Most teams start with the portal. Fair enough. It feels like the obvious place to start because everyone can see it, click around, and say, “Great, now employees can request apps.” But the portal is only the front door. The real work is what happens after someone asks for access.

And if you’re running Jira Service Management already, the bigger question is pretty simple: why send people to another system when the work already starts in Jira? If you want to see what that can look like in practice, Learn more about Multiplier.

Key Takeaways:

  • Creating a self-service app catalog fails when teams focus on the portal instead of the access workflow behind it.
  • The first job is to map your messy access requests, not design app tiles.
  • Roles matter more than app names because vague access levels create approval loops.
  • Slack approvals can speed things up, but only if Jira remains the system of record.
  • Temporary access should be the default for risky apps, admin roles, and production systems.
  • License reclamation needs login data, not quarterly spreadsheet cleanup.
  • A good self-service app model should cut tickets, reduce standing privilege, and produce audit evidence as work happens.

Why Creating a Self-Service App Catalog Usually Fails

Creating a self-service app catalog usually fails because teams treat it like a request portal, not a governed access system. The visible part is the catalog, but the hidden part is approval routing, provisioning, expiry, license cleanup, and evidence. Miss that layer and you’ve just moved chaos into a nicer interface.

Why Creating a Self-Service App Catalog Usually Fails concept illustration - Multiplier

The Portal Is Not the Workflow

A Workplace Technology manager opens Jira at 9:12 AM on Tuesday and sees 38 access tickets from Monday’s onboarding batch. Half say “Need Figma” or “Need Salesforce” with no role, no manager approval, and no clue whether the license should be permanent. By 11 AM, someone has already Slacked three app owners, checked Okta groups manually, and left two tickets in limbo because the requester picked the wrong thing. That’s the trap. The team thinks the problem is intake, but the problem is the workflow after intake.

Enforce least privilege by giving employees access for only a certain period of time. Automatically deprovision access on expiry to improve your security posture and save on license costs.

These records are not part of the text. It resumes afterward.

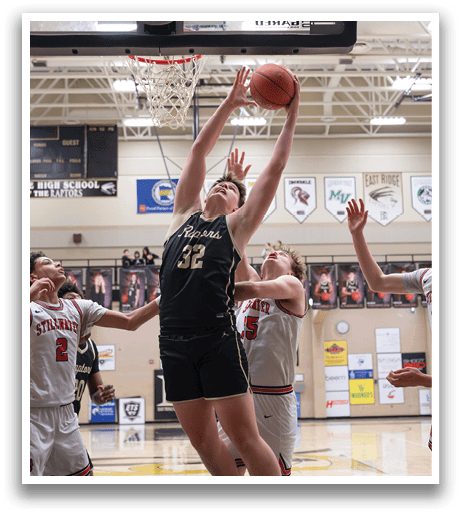 A basketball player leaps to block a shot, while his teammates look on. AI generated content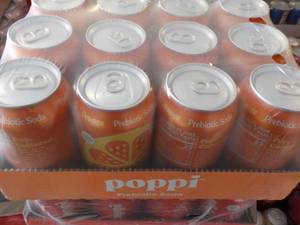 lot 217 image: 12 pack Poppi Prebiotic Orange Soda...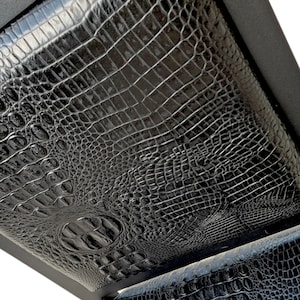 May include: Black leather chair with a crocodile pattern. The chair is made of a sturdy metal frame and has a comfortable seat.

I’ve seen this same pattern in content, sales, onboarding, all of it. You create a nice front-end experience, and everyone claps for a week. Then the same ugly work shows up behind the curtain. Creating a self-service app only works if the request carries enough context to make the next step obvious. App name, role, duration, business reason, approver, group mapping. Without those pieces, IT is still playing detective.

A decent test is simple. Pull your last 50 access requests and ask how many could be completed without a follow-up question. If fewer than 70% could be approved or denied from the original ticket, your catalog isn’t ready. You don’t have an app catalog problem yet. You have an access request quality problem.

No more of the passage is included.